Pelos países africanos que passei até agora, foi preciso negociar sempre – a menos que seja um supermercado ou loja com preços em etiquetas, rola o “cara crachá” pra qualquer produto ou serviço. Claro, é uma questão polêmica porque, ao mesmo tempo, é uma prática de turismo sustentável – se é um dinheiro que não lhe faria tanta falta mas que poderia fazer toda a diferença para a pessoa de quem você está comprando (principalmente se for um local/produtor pequeno), pague. Mas se estiver viajando com low budget ou perceber que existe alguma má fé no valor cobrado, basta dizer que você não quer o “muzungo price” e jogar pra metade. Se o vendedor não quiser fazer o valor justo, vá embora.
No meu caso, o abismo entre o preço real e o quanto aqueles homens estavam me cobrando era exploração na cara dura e o episódio mexeu comigo. Estava tão acostumada aos meninos que tinha esquecido que estava viajando sozinha – e de repente me senti exposta a homens que queriam me enganar. Tive longas 6h pra pensar nesse jogo de vulnerabilidade enquanto olhava pela janela tentando equilibrar o corpo em cima de uma nádega – como toda chapa que se preze, enfiaram seis pessoas na fileira em que cabiam quatro.
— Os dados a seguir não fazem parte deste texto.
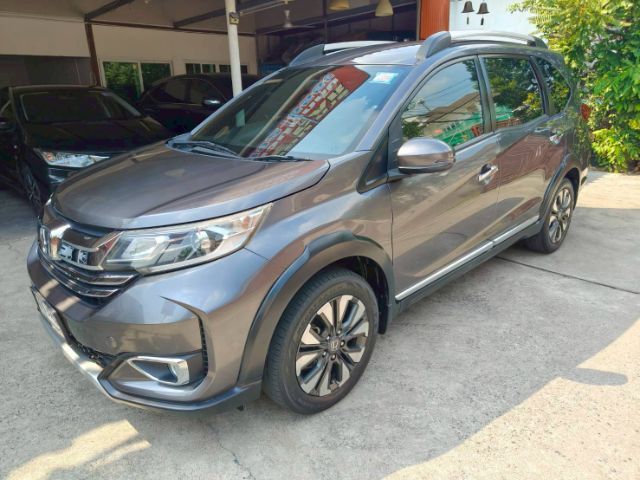 Honda BR-V 2019 1.5 SV Utility-car เบนซิน ไม่ติดแก๊ส เกียร์อัตโนมัติ เทา รูปที่ 2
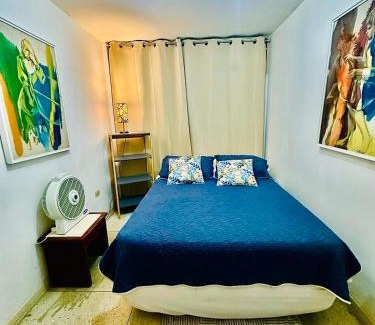 Baruta Apartment | Apartamento Único en Caracas 3 habitaciones, 3 baños, terrazas, hamaca, estacionamiento, smartv, wifi y una decoración brutal estilo Art Déco - Moderno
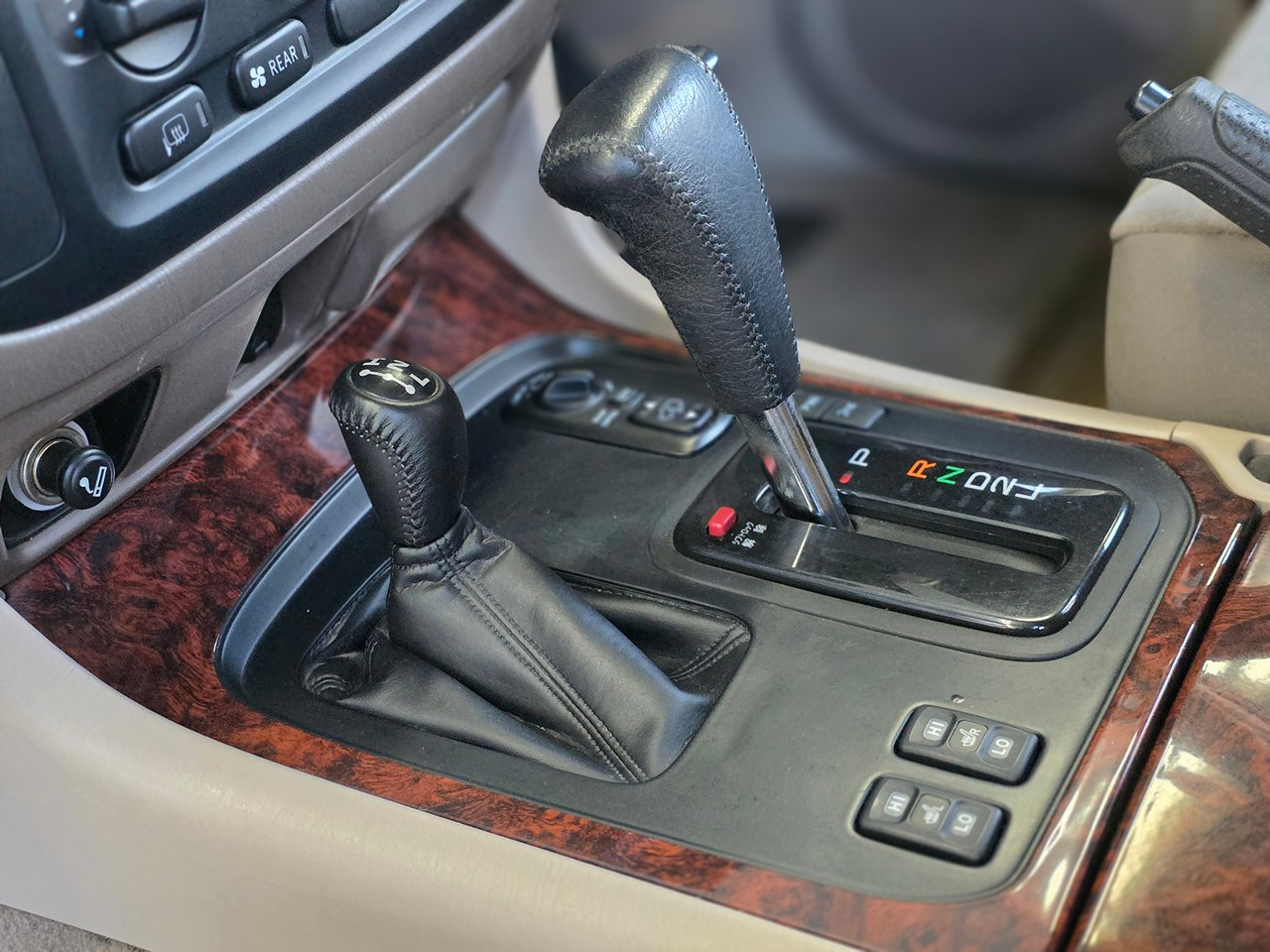 Toyota Land Cruiser  2000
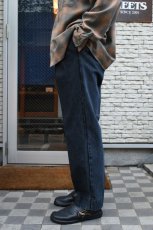 画像3: FLISTFIA (フリストフィア) Denim Tuck Trousers [FADE BLACK] (3)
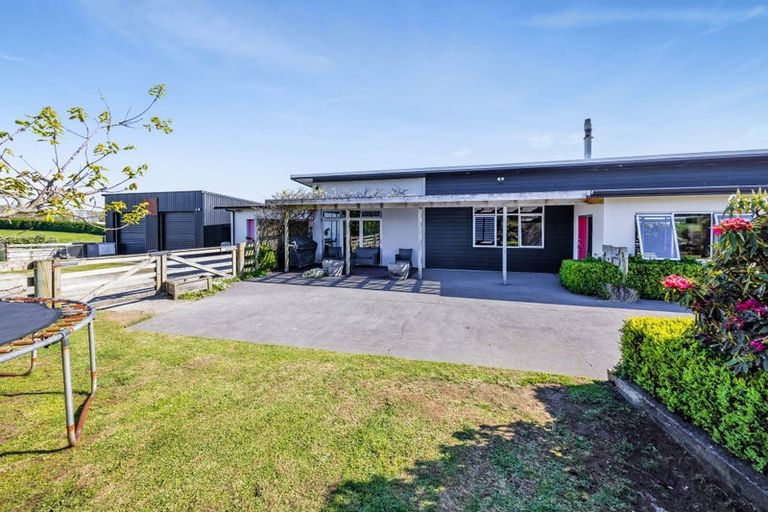 Photo of property in 5674 Mountain Road, Normanby, Hawera, 4673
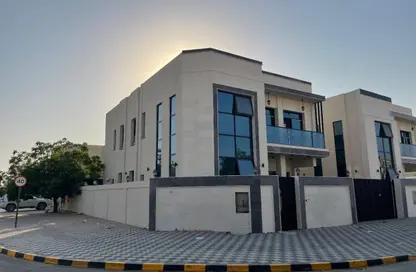 Villa - 5 Bedrooms - 7 Bathrooms for sale in Al Mowaihat 2 - Al Mowaihat - Ajman
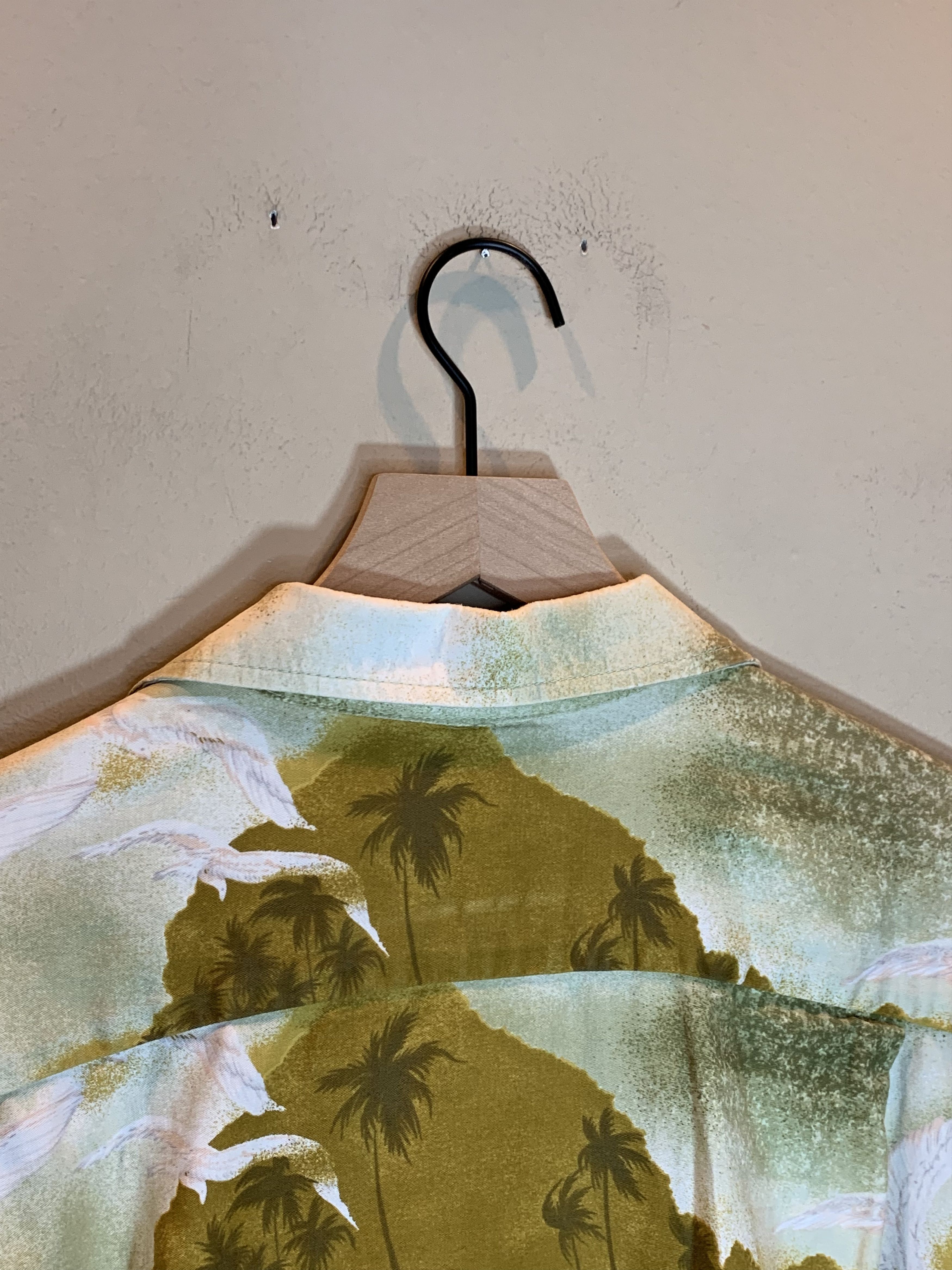Vintage RARE* Vintage Hawaii Surf Art Barefoot Paradise Button Shirt Size US XXL / EU 58 / 5 - 5 Thumbnail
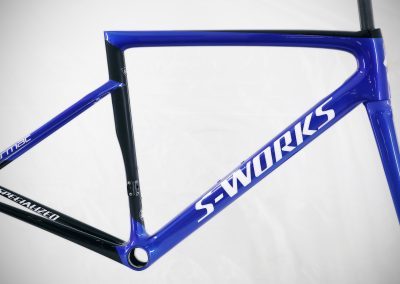 Reprise de peinture cadre vélo de course S-Works Specialized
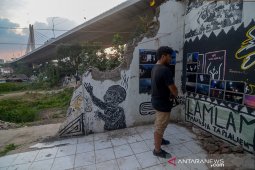 Pameran Foto Di Reruntuhan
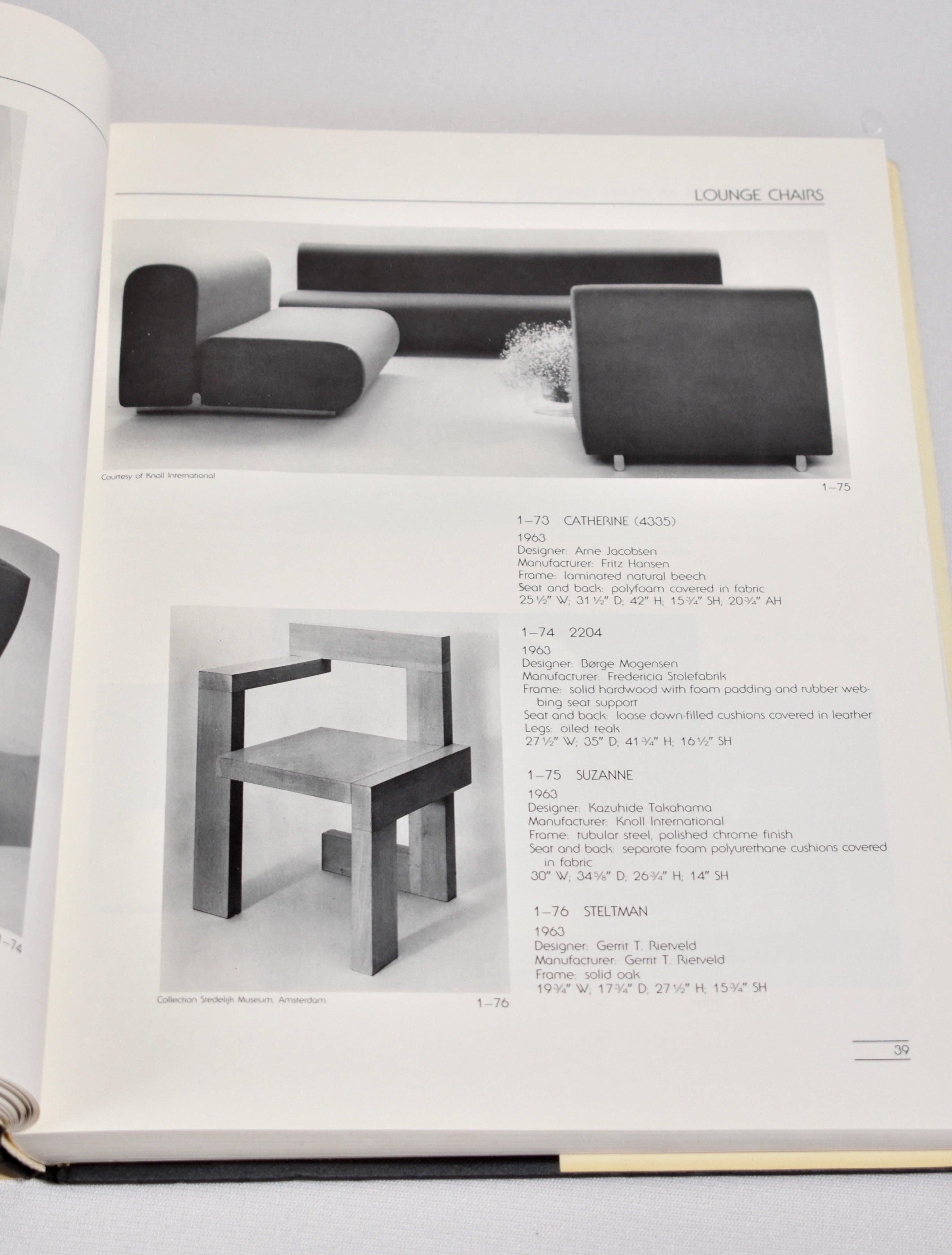 Sourcebook of Modern Furniture In Good Condition In Richmond, VA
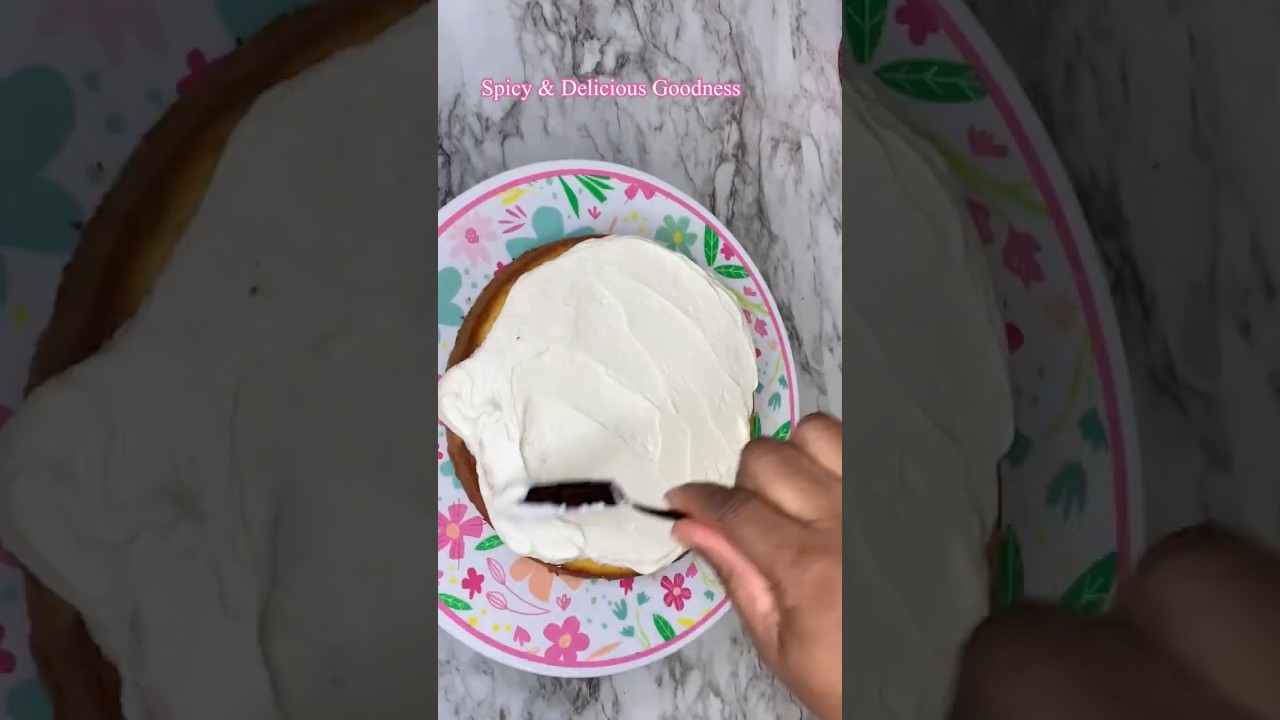 HOW TO MAKE LEMON BUTTERCREAM FROSTING/ICING | @SpicyDeliciousGoodness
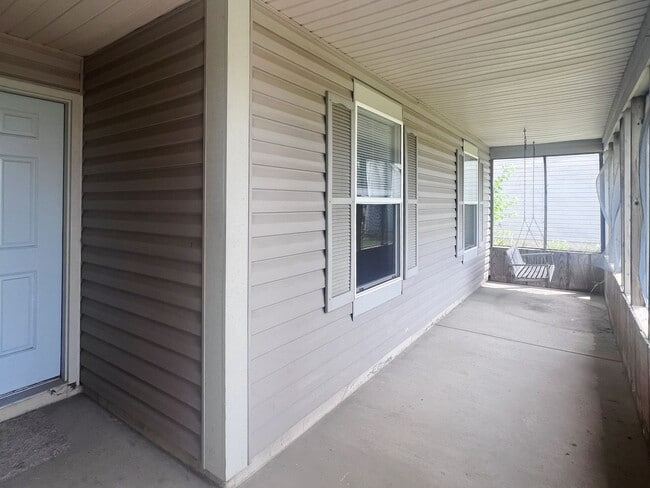 Photo - 3B2B Ranch Fenced yard+screen room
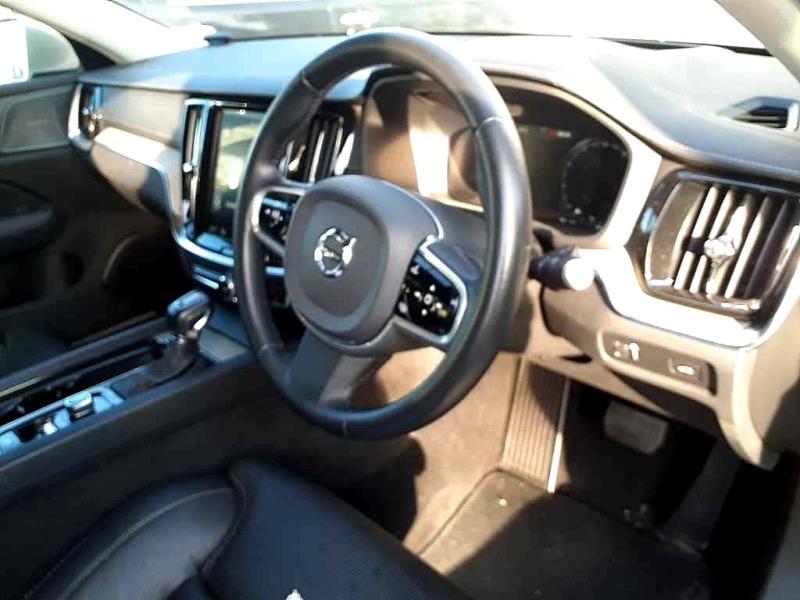 2019 Volvo V60 T5 Inscription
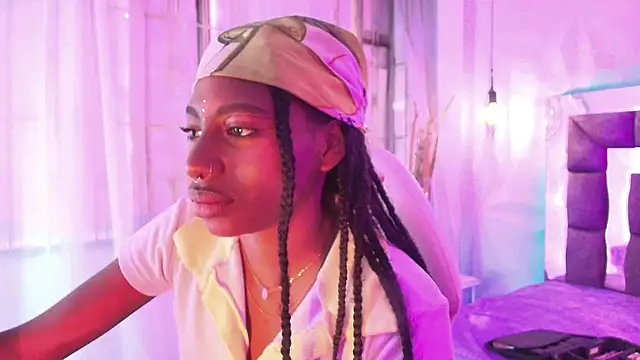Queen_perla_'s Live XXX Chat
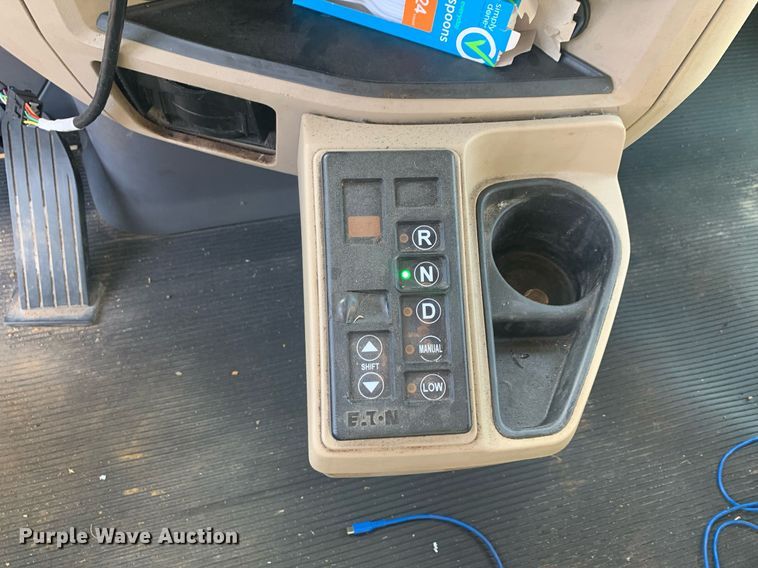 image for item DP8786 2016 Peterbilt 587  semi truck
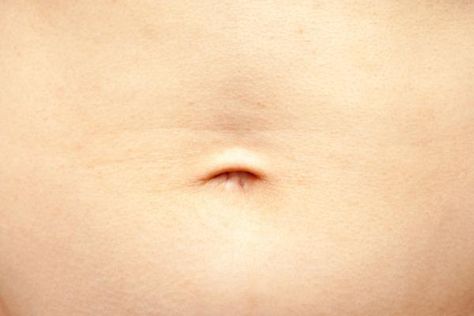 My Belly Button Smells - All Possible Reasons #bellybutton #health  #healthylifestyle Belly Button Healing, Belly Button Cleaning, Belly Button Smell, Odor Remedies, Swollen Belly, Kids Fever, Skin Moles, Heat Rash, Cleaning Videos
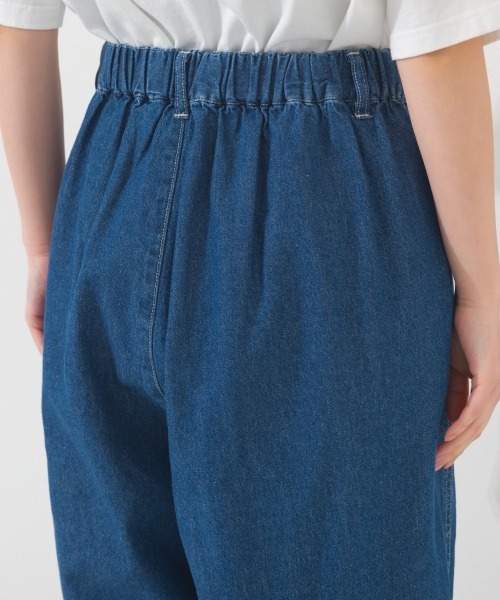 OMNES（オムネス）の「ウォッシュ加工切替バレルレッグデニムパンツ（デニムパンツ・レディース・ブルー/ライトブルー/インディゴブルー・MEDIUM/LARGE）」の20枚目の写真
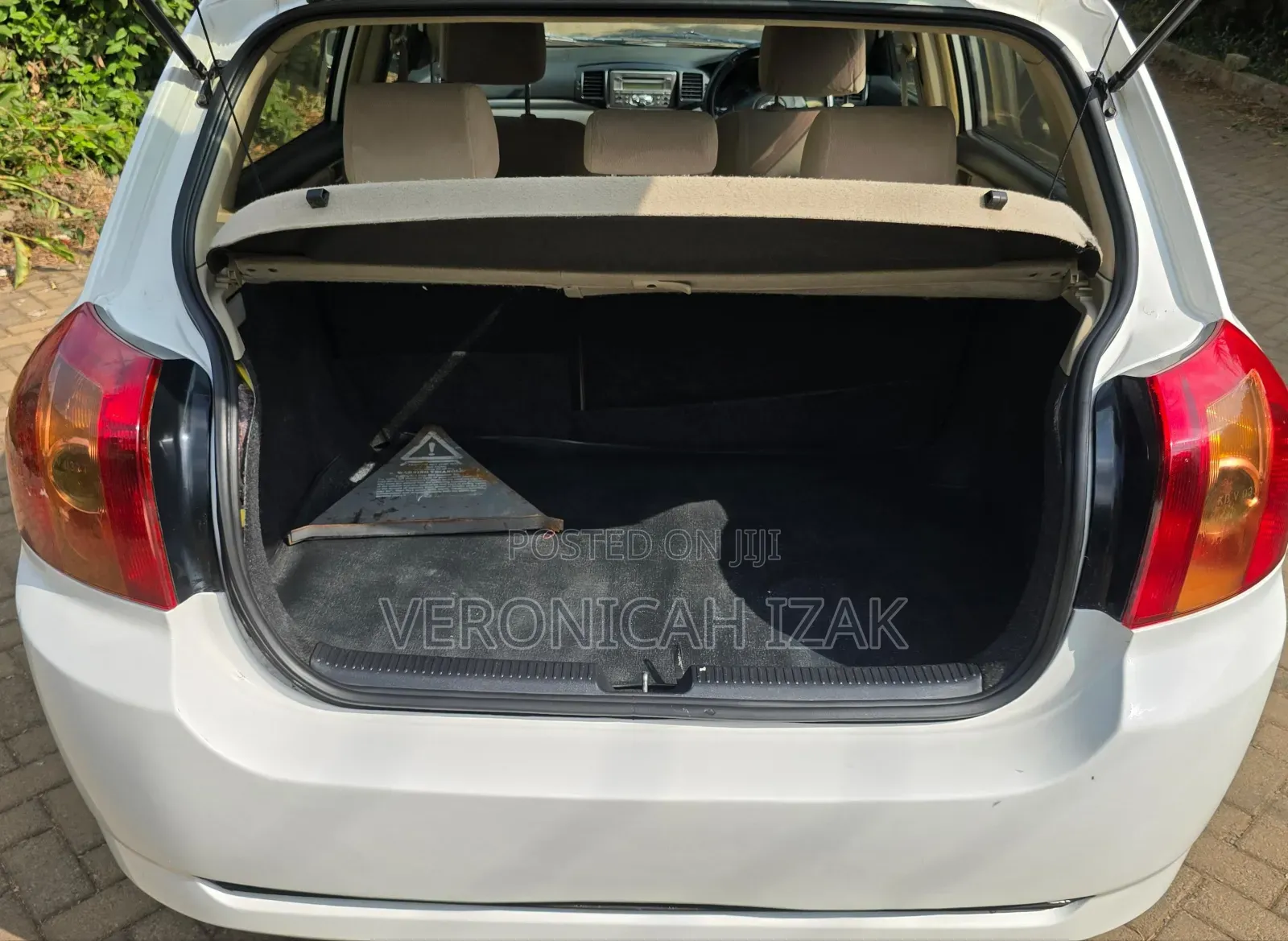 Toyota Corolla RunX 2006 White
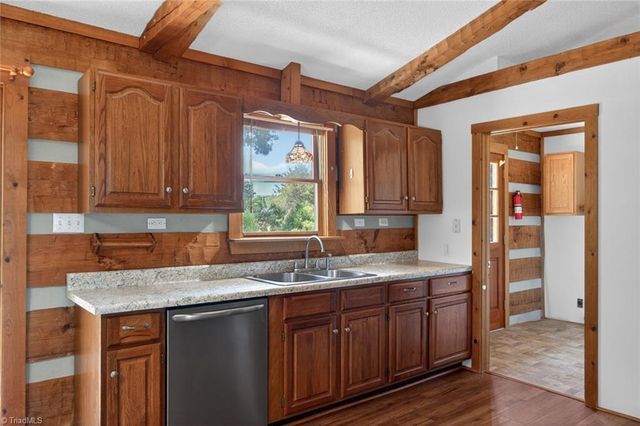 7000 Oakridge Drive, Lexington, NC 27295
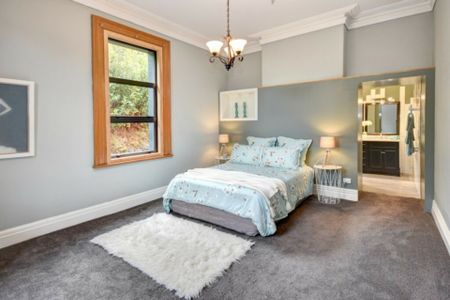 5 Bedroom Home with Sweeping Harbour Views - Photo 2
Vilanculos foi uma boa pausa na bateria de festas do Tofo. Um era o completo contrário do outro, sendo o primeiro uma vila de pescadores tranquila. Matabicho havia me indicado um amigo, o Mito, que poderia me abrigar num esquema de Couchsurfing por alguns dias e foi assim que conheci Mírzia, sua filha de 11 anos que logo viraria minha parça. Passei a semana caminhando pela praia praticamente deserta, tomada pelo humor oscilante da maré que ia e vinha – mas que trazia sempre uma água cristalina e morna.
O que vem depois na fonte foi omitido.